Go through the data below and report how many lines contain "garage"; the reply holds only that number.

*** Available data Section Begins ***

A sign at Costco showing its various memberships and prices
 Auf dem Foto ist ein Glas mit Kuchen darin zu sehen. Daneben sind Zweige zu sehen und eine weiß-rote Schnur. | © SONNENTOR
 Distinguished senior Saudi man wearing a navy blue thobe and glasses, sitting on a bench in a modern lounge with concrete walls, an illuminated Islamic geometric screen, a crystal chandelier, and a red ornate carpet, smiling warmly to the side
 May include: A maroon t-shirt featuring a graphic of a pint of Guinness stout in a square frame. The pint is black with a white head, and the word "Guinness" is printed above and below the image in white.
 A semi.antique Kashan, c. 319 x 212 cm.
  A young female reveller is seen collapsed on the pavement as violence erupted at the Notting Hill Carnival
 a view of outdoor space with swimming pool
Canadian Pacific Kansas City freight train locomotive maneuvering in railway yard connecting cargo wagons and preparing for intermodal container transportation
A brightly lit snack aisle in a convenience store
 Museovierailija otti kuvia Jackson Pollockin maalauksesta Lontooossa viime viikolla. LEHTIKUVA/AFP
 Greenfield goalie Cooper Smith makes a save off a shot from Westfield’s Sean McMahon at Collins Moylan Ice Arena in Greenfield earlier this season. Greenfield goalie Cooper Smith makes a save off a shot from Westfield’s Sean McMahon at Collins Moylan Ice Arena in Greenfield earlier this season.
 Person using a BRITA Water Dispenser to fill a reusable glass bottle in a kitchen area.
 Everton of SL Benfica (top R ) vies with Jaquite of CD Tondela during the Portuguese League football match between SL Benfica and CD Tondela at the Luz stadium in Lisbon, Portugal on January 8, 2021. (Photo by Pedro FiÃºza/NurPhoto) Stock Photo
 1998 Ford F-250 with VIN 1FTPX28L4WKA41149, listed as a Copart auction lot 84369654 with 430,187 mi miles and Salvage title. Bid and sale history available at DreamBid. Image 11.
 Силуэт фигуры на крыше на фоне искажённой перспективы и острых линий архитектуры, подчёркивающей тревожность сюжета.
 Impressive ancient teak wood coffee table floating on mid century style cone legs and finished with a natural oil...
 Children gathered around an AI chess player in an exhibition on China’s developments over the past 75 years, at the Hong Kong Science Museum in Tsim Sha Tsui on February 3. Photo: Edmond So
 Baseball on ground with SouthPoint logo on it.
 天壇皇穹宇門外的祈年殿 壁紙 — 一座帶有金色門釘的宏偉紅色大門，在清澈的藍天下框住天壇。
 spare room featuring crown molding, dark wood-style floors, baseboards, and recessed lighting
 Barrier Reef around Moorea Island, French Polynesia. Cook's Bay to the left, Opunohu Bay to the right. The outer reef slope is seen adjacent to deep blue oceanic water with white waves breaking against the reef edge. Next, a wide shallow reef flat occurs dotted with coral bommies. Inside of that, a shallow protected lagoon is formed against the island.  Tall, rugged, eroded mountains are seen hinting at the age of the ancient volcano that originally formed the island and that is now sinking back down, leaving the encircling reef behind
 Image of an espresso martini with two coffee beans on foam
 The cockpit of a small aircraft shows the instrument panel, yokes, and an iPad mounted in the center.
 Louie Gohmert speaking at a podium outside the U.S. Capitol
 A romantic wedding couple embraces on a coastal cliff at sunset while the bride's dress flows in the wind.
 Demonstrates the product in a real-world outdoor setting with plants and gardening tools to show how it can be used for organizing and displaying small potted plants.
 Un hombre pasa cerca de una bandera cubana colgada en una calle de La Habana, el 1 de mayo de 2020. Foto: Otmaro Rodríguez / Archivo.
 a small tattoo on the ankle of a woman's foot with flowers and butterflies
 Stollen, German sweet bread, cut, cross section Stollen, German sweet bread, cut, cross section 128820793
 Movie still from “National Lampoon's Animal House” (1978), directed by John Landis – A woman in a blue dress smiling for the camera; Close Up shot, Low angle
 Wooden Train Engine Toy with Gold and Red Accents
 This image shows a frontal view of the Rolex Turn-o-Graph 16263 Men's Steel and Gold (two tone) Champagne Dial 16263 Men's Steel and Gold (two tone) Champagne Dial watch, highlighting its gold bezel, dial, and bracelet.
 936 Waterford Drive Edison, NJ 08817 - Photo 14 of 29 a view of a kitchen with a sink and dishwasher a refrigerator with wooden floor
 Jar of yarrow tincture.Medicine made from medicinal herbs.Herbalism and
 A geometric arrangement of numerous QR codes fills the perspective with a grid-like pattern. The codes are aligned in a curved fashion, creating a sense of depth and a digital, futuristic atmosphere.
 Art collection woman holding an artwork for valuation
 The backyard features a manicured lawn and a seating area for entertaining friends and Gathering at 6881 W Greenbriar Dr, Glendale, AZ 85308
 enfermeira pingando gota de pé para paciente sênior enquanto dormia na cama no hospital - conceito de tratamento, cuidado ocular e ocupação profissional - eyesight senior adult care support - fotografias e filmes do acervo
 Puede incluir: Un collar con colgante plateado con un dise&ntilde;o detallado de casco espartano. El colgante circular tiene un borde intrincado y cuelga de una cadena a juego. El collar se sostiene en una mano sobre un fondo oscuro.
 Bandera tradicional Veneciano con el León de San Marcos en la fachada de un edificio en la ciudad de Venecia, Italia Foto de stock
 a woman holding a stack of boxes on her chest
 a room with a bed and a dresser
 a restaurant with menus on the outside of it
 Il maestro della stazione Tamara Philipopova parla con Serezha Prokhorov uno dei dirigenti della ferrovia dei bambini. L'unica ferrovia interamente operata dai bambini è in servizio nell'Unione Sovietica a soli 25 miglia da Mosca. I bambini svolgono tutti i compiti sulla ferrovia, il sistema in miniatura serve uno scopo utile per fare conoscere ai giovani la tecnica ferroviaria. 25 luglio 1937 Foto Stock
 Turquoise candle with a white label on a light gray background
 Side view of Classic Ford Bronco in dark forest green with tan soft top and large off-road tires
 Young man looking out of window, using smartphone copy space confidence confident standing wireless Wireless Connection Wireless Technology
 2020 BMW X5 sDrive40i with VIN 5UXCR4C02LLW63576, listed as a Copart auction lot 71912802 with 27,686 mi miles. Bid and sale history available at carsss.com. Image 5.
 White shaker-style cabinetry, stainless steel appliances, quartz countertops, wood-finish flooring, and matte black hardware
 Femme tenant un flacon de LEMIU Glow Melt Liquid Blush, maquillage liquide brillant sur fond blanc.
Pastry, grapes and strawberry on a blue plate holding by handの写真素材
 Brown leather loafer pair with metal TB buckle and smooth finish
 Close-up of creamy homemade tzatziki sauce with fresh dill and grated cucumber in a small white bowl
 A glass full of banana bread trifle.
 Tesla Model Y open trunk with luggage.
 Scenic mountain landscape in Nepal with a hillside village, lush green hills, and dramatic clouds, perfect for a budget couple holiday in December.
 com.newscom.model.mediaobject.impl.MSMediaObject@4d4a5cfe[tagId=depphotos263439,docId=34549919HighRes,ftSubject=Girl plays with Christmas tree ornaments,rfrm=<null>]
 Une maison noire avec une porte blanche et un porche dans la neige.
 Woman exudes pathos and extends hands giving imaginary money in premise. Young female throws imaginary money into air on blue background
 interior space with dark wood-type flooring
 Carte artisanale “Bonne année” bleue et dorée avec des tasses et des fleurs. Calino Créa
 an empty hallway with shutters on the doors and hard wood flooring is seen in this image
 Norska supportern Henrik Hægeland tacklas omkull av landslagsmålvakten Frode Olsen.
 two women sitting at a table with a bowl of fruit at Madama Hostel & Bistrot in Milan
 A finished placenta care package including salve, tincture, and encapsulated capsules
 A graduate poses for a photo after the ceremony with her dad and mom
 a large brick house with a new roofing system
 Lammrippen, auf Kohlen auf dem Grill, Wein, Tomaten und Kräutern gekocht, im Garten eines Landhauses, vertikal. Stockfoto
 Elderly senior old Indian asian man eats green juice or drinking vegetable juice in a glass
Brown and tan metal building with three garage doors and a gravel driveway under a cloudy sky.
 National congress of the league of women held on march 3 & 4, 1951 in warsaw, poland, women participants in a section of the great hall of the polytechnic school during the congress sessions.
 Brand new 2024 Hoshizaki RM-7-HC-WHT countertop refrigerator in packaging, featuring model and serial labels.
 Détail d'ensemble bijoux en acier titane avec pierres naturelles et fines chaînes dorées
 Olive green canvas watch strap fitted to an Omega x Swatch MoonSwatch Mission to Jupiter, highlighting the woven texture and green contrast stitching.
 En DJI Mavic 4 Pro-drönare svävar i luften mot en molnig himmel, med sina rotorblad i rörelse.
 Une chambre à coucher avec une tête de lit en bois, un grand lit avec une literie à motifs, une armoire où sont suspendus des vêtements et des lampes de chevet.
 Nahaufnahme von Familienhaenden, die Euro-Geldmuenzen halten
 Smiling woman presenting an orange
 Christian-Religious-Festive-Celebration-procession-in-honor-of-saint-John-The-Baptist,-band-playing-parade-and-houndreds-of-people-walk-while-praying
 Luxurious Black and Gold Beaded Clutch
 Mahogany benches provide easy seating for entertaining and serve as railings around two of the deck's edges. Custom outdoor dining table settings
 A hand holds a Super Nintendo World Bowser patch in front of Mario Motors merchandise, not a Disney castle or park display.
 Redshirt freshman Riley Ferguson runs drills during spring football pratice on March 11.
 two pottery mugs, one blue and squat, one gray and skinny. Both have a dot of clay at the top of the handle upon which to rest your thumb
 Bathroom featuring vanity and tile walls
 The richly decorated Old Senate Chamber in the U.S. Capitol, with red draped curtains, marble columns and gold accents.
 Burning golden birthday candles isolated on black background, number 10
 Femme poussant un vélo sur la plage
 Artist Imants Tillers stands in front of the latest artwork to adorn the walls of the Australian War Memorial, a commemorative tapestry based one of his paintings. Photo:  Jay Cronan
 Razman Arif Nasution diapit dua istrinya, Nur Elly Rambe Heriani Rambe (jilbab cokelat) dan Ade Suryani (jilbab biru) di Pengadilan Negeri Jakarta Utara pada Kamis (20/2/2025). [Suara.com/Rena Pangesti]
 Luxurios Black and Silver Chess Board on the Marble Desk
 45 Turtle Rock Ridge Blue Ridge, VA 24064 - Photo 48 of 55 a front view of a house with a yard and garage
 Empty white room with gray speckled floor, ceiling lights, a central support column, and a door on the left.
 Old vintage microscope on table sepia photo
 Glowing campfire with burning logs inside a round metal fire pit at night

*** Available data Section Ends ***

## Exercise response
2